Im Affekt: Lex Netflix: Wir streamen Milch!

Nr. 3 –

Allzu krude Bilder sind nie gut für den politischen Diskurs. Auch immer schlecht: Kultur mit Landwirtschaft zu vergleichen. Doch die Sachkenntnis beim Referendum gegen die Lex Netflix ist bislang auf so bestürzendem Niveau, dass uns keine andere Wahl bleibt. Deshalb gehts hier um Milch: die einzige Streamingbranche, die in der Schweiz alle kapieren.

Stellen Sie sich vor: Vor langer Zeit fingen internationale Grosskonzerne an, Milchpipelines direkt in die Schweizer Haushalte zu leiten. Diese industrielle Milch aus der Pipeline war nicht unbedingt nahrhafter als die von hiesigen Betrieben produzierte Milch. Aber den Leuten schmeckte sie besser, und sie konnten die Milch bequem zu Hause zapfen. Im Abo war sie zudem billiger als jene aus der Region, und die Betreiber warben mit einer fast grenzenlosen Auswahl an verschiedenen ausländischen Sorten (auch wenn viele davon dann doch irgendwie gleich schmeckten).

Den Betreibern dieser Pipelines war die hiesige Milchwirtschaft egal. Steuern zahlten sie hier kaum, Arbeitskräfte hatten sie vor Ort auch nicht nötig. Die Pipelines liefen also ohne Reibungsverlust in beide Richtungen: Sie lieferten die Milch, und der Ertrag floss vollumfänglich zurück zu den Grosskonzernen im Ausland. Recht so, fanden die Jungbürgerlichen: Die Schweizer Milchwirtschaft sei schon ausreichend subventioniert. Wieso sollte man die ausländischen Konzerne also verpflichten, auch nur vier Prozent ihres in der Schweiz erzielten Umsatzes in die hiesige Milchproduktion zu investieren, wie das in anderen Ländern bereits üblich war? Damit uns diese Pipelines dann auch noch ein bisschen einheimische Milch unterjubelten, wo uns die ausländische Industriemilch doch viel besser schmeckte?

Und so brach die Schweizer Milchwirtschaft irgendwann ein.
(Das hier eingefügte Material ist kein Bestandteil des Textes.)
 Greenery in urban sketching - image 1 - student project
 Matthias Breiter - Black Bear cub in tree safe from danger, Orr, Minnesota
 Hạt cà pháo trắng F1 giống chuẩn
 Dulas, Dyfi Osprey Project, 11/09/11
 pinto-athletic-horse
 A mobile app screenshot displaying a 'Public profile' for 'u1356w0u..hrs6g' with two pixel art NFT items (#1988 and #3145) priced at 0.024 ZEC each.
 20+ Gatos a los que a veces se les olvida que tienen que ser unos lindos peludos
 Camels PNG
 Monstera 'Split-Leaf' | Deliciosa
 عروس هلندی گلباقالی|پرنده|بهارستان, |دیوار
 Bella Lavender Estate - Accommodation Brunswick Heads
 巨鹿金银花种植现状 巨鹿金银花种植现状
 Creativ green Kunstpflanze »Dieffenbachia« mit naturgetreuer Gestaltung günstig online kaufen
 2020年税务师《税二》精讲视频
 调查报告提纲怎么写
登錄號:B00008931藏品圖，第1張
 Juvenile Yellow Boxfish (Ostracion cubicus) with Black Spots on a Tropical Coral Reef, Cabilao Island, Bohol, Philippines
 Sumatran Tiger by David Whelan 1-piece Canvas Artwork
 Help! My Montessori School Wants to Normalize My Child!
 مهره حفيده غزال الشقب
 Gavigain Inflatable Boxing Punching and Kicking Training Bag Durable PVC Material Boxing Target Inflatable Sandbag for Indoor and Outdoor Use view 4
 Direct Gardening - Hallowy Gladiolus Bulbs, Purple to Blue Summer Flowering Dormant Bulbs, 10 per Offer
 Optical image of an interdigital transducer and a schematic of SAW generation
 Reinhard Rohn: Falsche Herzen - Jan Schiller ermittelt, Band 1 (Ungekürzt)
Ein paar wenige subventionierte Betriebe blieben übrig, doch diese produzierten nur noch lang gereifte Käslein in Kleinstauflage, an denen sich die verschwindende Elite der Milchkritiker:innen erfreute.

Die Abstimmung über das Lex-Netflix-Referendum ist auf den 15. Mai 2022 angesetzt.